For "at least two" for the protection variable, the most prevalent double combination included the resistance genotypes of the Duffy + G6PD variants (53.8%), with the genotype combination FYBES*FYBES/BA- being the most frequent, followed by FYBES*FYBES/A+A-. The HbS/C + Duffy pair (25.6%) was the second most frequent, represented mostly by the AS/FYBES*FYBES genotype, followed by the AC/FYBES*FYBES combination. No individual had a combination of resistance genotypes of the HbS/C variants and β-Tal-29 (Fig. 5).
Regarding triple combinations (three resistance genotypes of three different variants), the HbS/C + Duffy + G6PD combination was the most prevalent (36.4%), with the genotypic combination AS/FYBES*FYBES/BA- being more frequent (Fig. 6). That combination was followed in frequency by the triple combination Duffy + β-Tal-29 + β-Tal-88 with 18.2% (FYBES*FYBES/AG/CT genotypes). There were no individuals with the HbS/C + β-Tal-29 + β-Tal-88, HbS/C + β-Tal-29 + G6PD or HbS/C + β-Tal-88 + G6PD combinations. Finally, only one individual had a combination of 4 resistance genotypes: HbS/C + Duffy + β-Tal-88 + G6PD (AS/FYBES*FYBES/CT/BA- genotypes).

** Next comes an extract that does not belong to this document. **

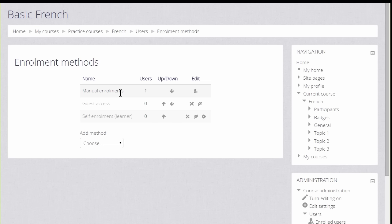The first one we see is called Manual Enrollments. This means that students can be enrolled by the teacher. The one user here is the teacher herself who has already been enrolled.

Comparison with other populations of Colombia
The analysis of population differences and homogeneity in the Buenaventura population, with respect to the results reported for the variants in populations in Colombia, yielded the following results. Regarding the results for the three alleles of HbS and HbC obtained herein, there were significant differences (p≤0.0064) in the distribution of genotype frequencies in the populations of Cali [33], Cartagena [17], Putumayo, Nariño, Guajira, San Andrés, Chocó and Valle [31]; however, there were no significant differences (p ≥0.0935) in the distribution of genotype frequencies in the populations of San Andrés [19], Cartagena [24] and Buenaventura [23]. Regarding the results for the Duffy variant, there were significant differences (p <0.0001) in the distribution of genotype frequencies between the population of Buenaventura in this study and the populations of Italy, Chocó [21], Tierra Alta, and the indigenous population of Buenaventura [25], with no significant differences in the frequency distribution between the population in this study and the population of Tumaco [25]. Finally, for the G6PD variant, there were significant differences (p≤0.0465) in the distribution of genotype frequencies between the population in this study and the populations of Quibdó, Tierra Alta and Tumaco, with no differences with respect to the population of Buenaventura [22].